As a consequence, real breakthrough research can be neither planned nor can you do it on purpose. You can only plan the grinding part. And failure will be part of any creative process. Though you actually never really fail. Because you always learn how something does not work. That is one of the reasons why I strongly want that failures become also publicly available. They are as important to progress as success, by reducing the possibilities. Not to mention the amount of life time of researchers wasted because they fail with them same attempt, not knowing that others failed before them.

And then, perhaps, a new scientific insight arises. And, more often than not, some great technology arises along the way. Not intentionally, but because it was necessary to follow one's creativity. And that is actually where most technological leaps came from. So,real progress in physics, in the end, is made from about a third craftsmanship, a third communication, and a third creativity.

So, after all this general stuff, how do I stay creative?

Well, first of all, I was and am sufficiently privileged. I could afford to start out with just following my ideas, and either it will keep me in business, or I will have to find a non-science job. But this only worked out because of my personal background, because I could have afforded to have a couple of months with no income to find a job, and had an education which almost guarantees me a decent job eventually. And the education I could only afford in this quality because of my personal background. Not to mention that as a white male I had no systemic barriers against me. So, yes, privilege plays a major role.

The other part was that I learned more and more that it is not effort what counts, but effect. Took me years. But eventually, I understood that a creative idea cannot be forced by burying myself in work. Time off is for me as important. It took me until close to the end of my PhD to realize that. But not working overtime, enjoying free days and holidays, is for me as important for the creative process as any other condition. Not to mention that I also do all non-creative chores much more efficiently if well rested, which eventually leaves me with more time to ponder creatively and do research.

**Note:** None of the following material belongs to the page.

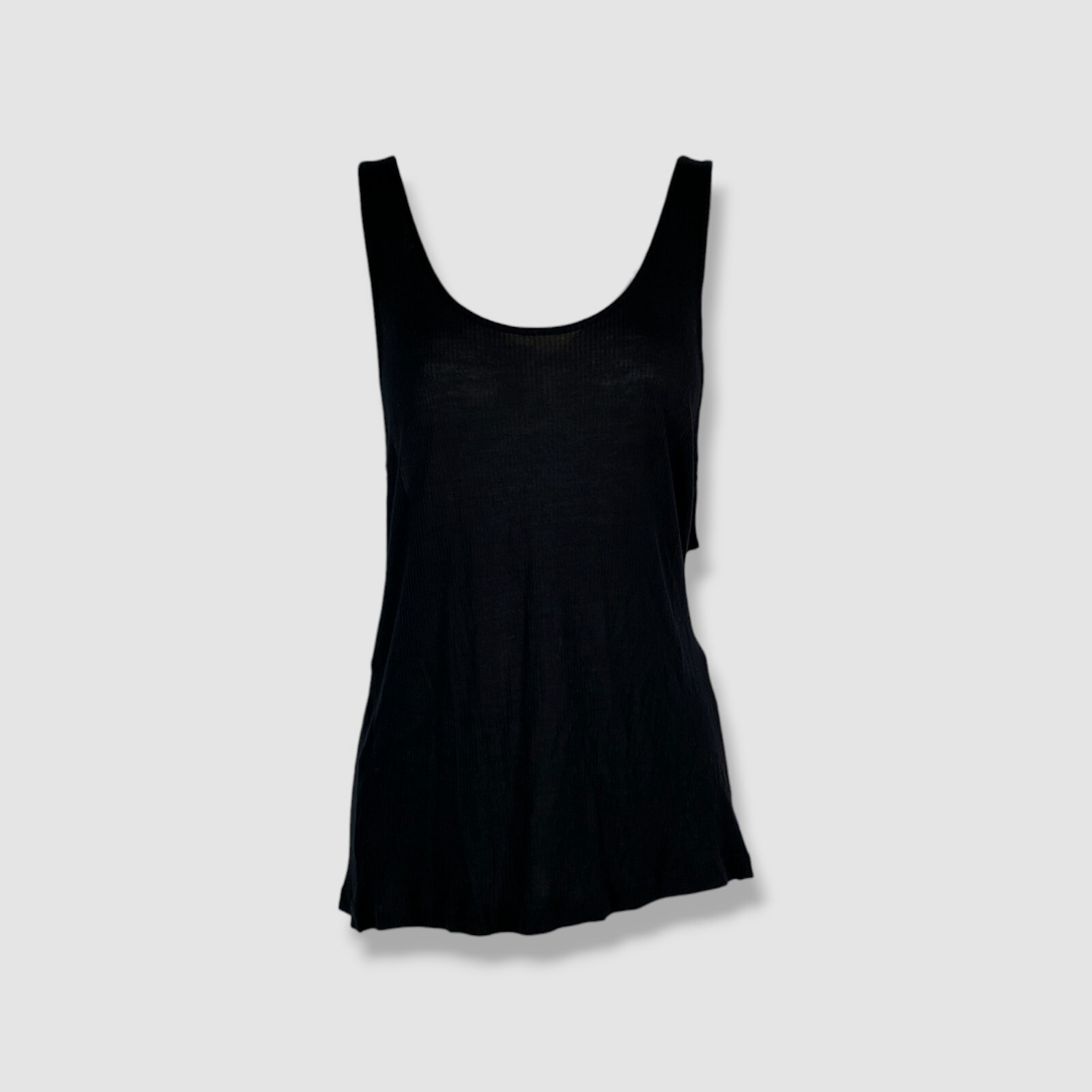 Canotta donna Saint Laurent nera a costine scollo a scoop senza maniche taglia XL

And the last ingredient is really exchange. I have had now the opportunity, in a sabbatical, to go to different places and exchange ideas with a lot of people. This gave me what I needed to acquire a new field and have already new ideas for it. It is the possibility to sit down with people for some hours, especially in a nicer and more relaxing surrounding than an office, and just discuss ideas. That is also what I like most about conferences. And one of the reasons I think conferences will always be necessary, even though we need to make going there and back ecologically much more viable, and restrict ourselves to sufficiently close ones until this is possible.

Sitting down over a good cup of coffee or a nice meal, and just discuss, is really jump starting my creativity. Even sitting with a cup of good coffee in a nice cafe somewhere and just thinking does wonders for me in solving problems. And with that, it seems not to be so different for me than for artists, after all.